Dem Pflegereport zufolge lag der Anteil der Pflegebedürftigen in Heimen, die 2021 eine problematische Dauerverordnung für Schlaf- und Beruhigungsmittel erhielten, in Westdeutschland deutlich höher als in Ostdeutschland. „Eigentlich sollten pflegebedürftige Menschen maximal vier Wochen mit den untersuchten Schlaf- und Beruhigungsmitteln behandelt werden“, erklärte Antje Schwinger vom Wido. Bei Dauereinnahme drohten unter anderem Abhängigkeit, erhöhte Sturzgefahr und die Entstehung von Angstgefühlen, Depressionen und Aggressionen.

In RLP kommen Bewohner von Pflegeheimen mit am häufigsten wegen Flüssigkeitsmangel ins Krankenhaus

Als weiteres Beispiel nennt der Report Klinikeinweisungen von Demenzkranken wegen Flüssigkeitsmangel. 2021 hatten im bundesweiten Durchschnitt knapp vier Prozent aller an Demenz erkrankten Bewohnerinnen und Bewohner von Pflegeheimen einen Krankenhausaufenthalt, der durch unzureichende Flüssigkeitszufuhr verursacht war. In den 20 Kreisen mit den auffälligsten Werten waren es dagegen zwischen 7,5 und 12,5 Prozent der Demenzkranken.
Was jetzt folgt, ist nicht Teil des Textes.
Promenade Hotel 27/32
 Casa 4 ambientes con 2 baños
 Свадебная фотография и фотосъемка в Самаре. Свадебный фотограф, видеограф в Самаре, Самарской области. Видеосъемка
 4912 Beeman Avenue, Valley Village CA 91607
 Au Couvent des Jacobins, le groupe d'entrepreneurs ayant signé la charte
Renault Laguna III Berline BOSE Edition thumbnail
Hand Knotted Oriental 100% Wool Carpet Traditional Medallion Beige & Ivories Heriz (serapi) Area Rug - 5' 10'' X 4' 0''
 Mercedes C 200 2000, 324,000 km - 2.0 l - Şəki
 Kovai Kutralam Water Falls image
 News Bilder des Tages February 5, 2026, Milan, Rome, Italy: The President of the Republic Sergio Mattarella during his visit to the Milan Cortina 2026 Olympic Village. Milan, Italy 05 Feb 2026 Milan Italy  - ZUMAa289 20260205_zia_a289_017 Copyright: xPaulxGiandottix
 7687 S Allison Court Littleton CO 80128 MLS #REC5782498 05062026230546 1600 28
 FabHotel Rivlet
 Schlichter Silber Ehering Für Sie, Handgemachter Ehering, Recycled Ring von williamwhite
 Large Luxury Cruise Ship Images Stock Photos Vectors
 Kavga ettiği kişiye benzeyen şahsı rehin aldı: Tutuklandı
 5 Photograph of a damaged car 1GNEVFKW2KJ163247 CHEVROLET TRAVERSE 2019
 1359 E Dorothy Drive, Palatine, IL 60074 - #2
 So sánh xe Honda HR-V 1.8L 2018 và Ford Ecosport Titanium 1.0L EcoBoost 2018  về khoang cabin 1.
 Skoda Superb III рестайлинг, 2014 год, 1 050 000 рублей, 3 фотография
In Bayern, vor allem an der deutsch-tschechischen Grenze, in Niedersachsen, im Süden von Rheinland-Pfalz sowie wiederum in Nordrhein-Westfalen kam das 2021 am häufigsten vor, so der Report.

Untersucht wurde auch, wie oft Pflegeheimbewohner in den letzten 30 Tagen vor ihrem Tod noch in ein Krankenhaus eingewiesen wurden. Diese Einweisungen sind in der Regel unnötig und werden von den Betroffenen selbst auch häufig nicht gewollt, aber dennoch von Ärzten oder dem Pflegepersonal veranlasst – etwa, wenn anderslautende Patientenverfügungen nicht sofort auffindbar waren. Im Durchschnitt kam dies 2021 bundesweit bei 42 Prozent aller Pflegeheimbewohnerinnen und -bewohner vor. Im Vergleich zu 2017 sank die Quote immerhin um fünf Prozentpunkte. Es gibt aber auch hier Regionen, in denen diese oft unerwünschte Praxis häufiger vorkommt als anderswo: Während im Saarland jeder zweite Heimbewohner kurz vor seinem Tod noch in eine Klinik eingewiesen wurde, war es in Sachsen nur bei jedem Dritten so.

Über die konkreten Ursachen der Fehlentwicklungen wollten die Wissenschaftlerinnen keine Aussagen machen. Allerdings ist zu vermuten, dass der Mangel an Pflegepersonal ein häufiger Grund dafür ist, dass Menschen ruhiggestellt werden oder ihre persönliche Gesundheit zu wenig beachtet wird. Zudem seien die Verantwortlichkeiten vor Ort unklar. Die Versorgung werde auch zu wenig an der Perspektive der Heimbewohner ausgerichtet. Zudem brauche es ein hohes Maß an Motivation und Engagement, um die Arbeit von Ärzten und Pflegepersonal besser abzustimmen, sagten Antje Schwinger und Sabine Richard vom Wido.